Release date: Feb 22, 2019
We learn that Braque is a witch intent on prolonging his life by slowly draining Jacko’s. Luckily for Laura, the dreamiest boy at school is from a family of spell-casters: Nicholas Galitzine is so pretty as Sorensen Carlisle that the movie hardly thinks it needs to give him a character. Sorensen (yeah, get a load of these names) begins speaking to Laura telepathically, warning her of danger, but he initially doesn’t want her to become a witch herself because of the risks posed by “the changeover.”
The film is on reasonably solid genre ground while Laura gets the lay of the land: Braque starts popping up at the family home, creepily asking to be invited inside, while Laura’s mother (Lynskey) mistakes her increasingly panicked warnings about him as signs of mental illness. But the deeper the script gets into how its version of witchcraft works, the less convincing it becomes. Uniformly solid performances and artful camera/sound work make the movie hard to dismiss out of hand, but the script doesn’t sell its hokum as effectively as more mainstream supernatural soap operas.

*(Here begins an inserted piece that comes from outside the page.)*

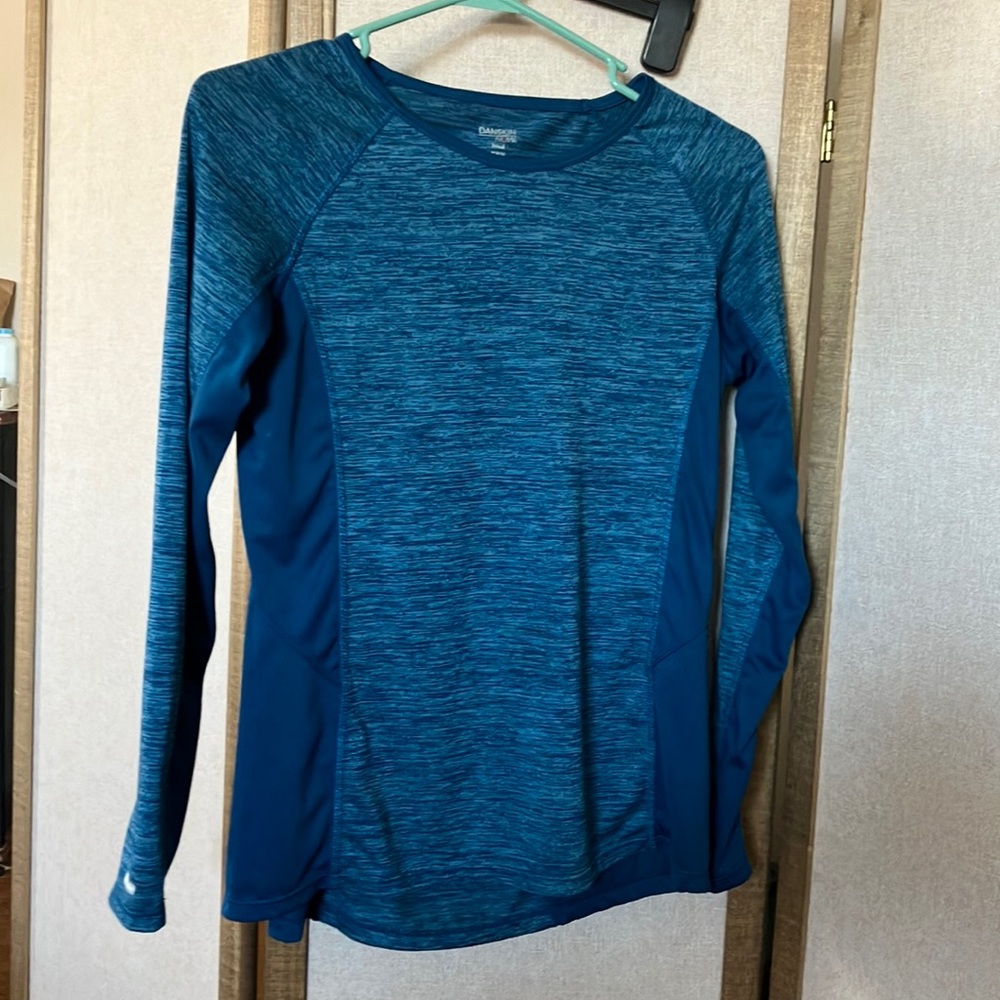 FINAL MARKDOWN Danskin now Blue Fitted Long Sleeve Tee medium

As the title suggests, Harcourt and McKenzie spend a big chunk of their time watching Laura traverse a kind of spirit plane where she embraces the power of witchcraft; whispered voices guide her through a dream with life-and-death stakes, but while the action briefly intrigues, there’s never any doubt about the outcome. Though its hero tells us more than once that she doesn’t believe in fairy tales, the film itself clearly believes in happy endings.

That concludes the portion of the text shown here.